» **Instructions to follow**: Keep each entry exactly as written when you repeat it, and skip the images.

» **Provided material**:
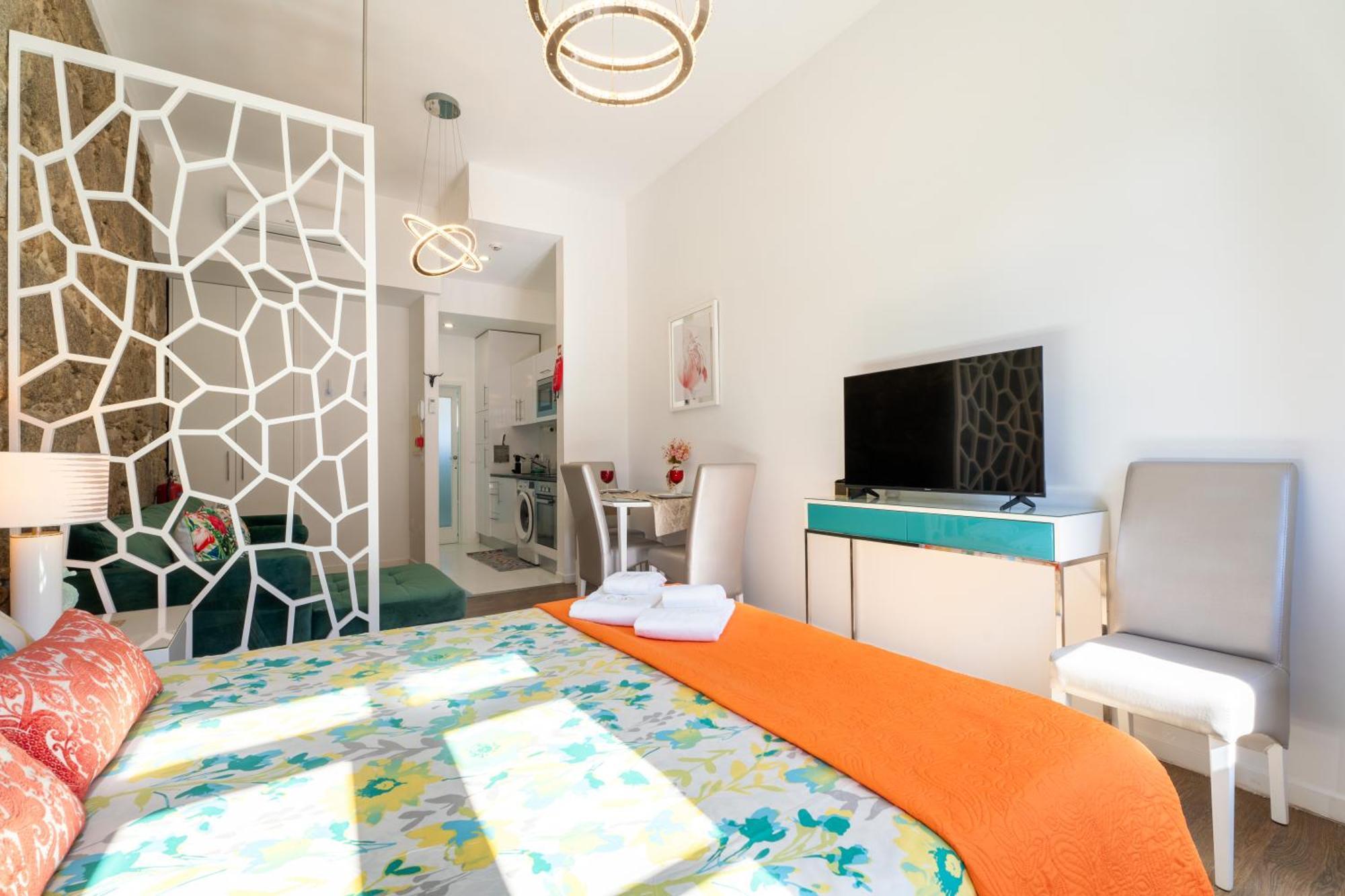 Central Cozy Stay 2 Ac Near Metro ポルト エクステリア 写真
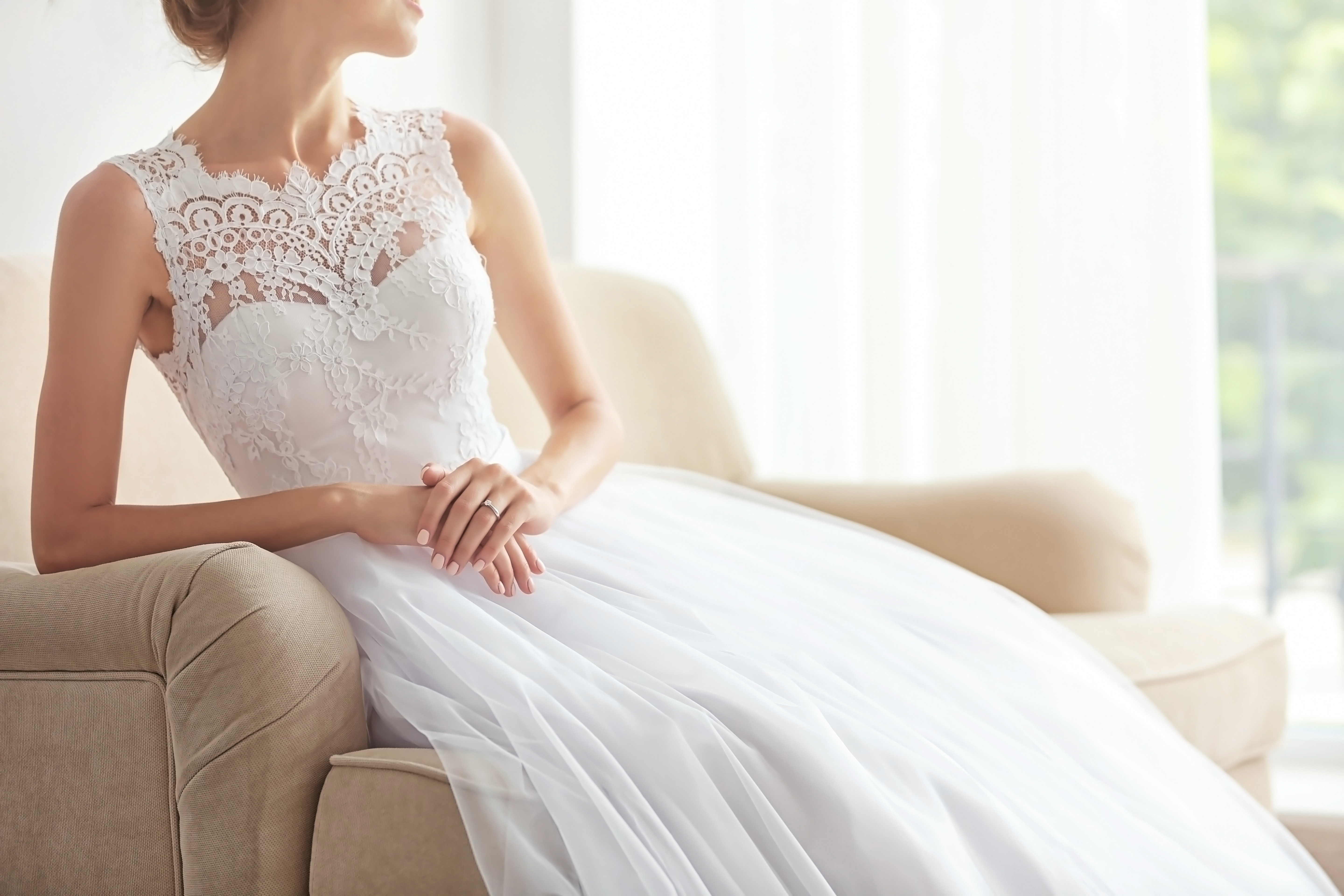 結婚式や大事なイベントの何ヶ月前にシミ取り治療はしておくべき?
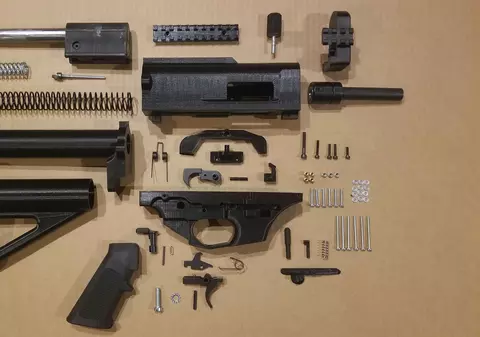 Americanii își construiesc singuri arme, folosind tutoriale de pe internet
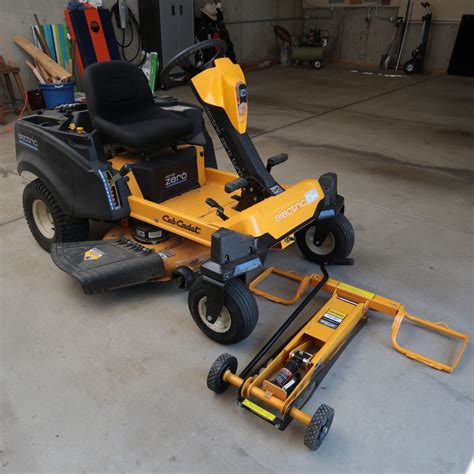 Cub Cadet Electric 42 Inch Riding Mower Ebth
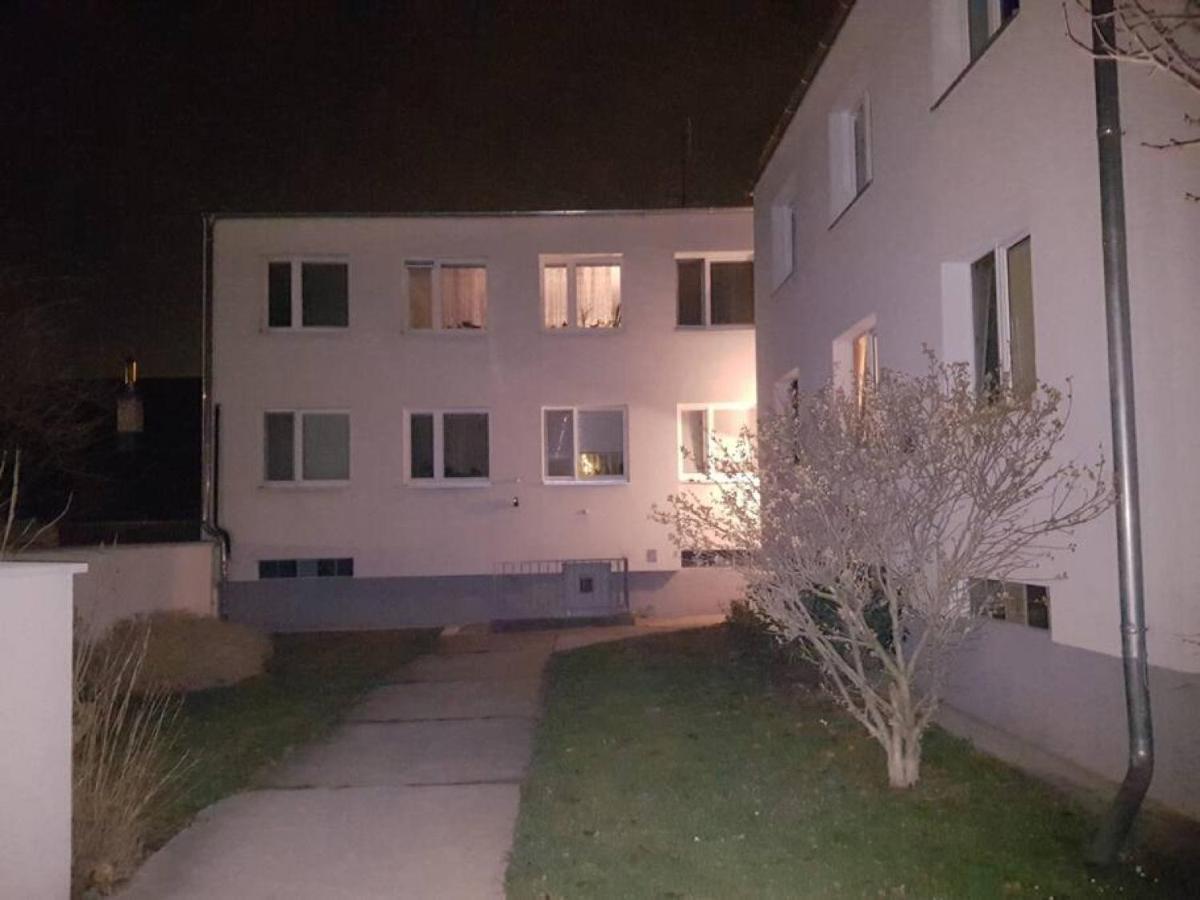 Esslinger Hauptstr Spacious With Loggia Apartment Vienna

» **Output of the task**:
 Central Cozy Stay 2 Ac Near Metro ポルト エクステリア 写真
 結婚式や大事なイベントの何ヶ月前にシミ取り治療はしておくべき?
 Americanii își construiesc singuri arme, folosind tutoriale de pe internet
 Cub Cadet Electric 42 Inch Riding Mower Ebth
 Esslinger Hauptstr Spacious With Loggia Apartment Vienna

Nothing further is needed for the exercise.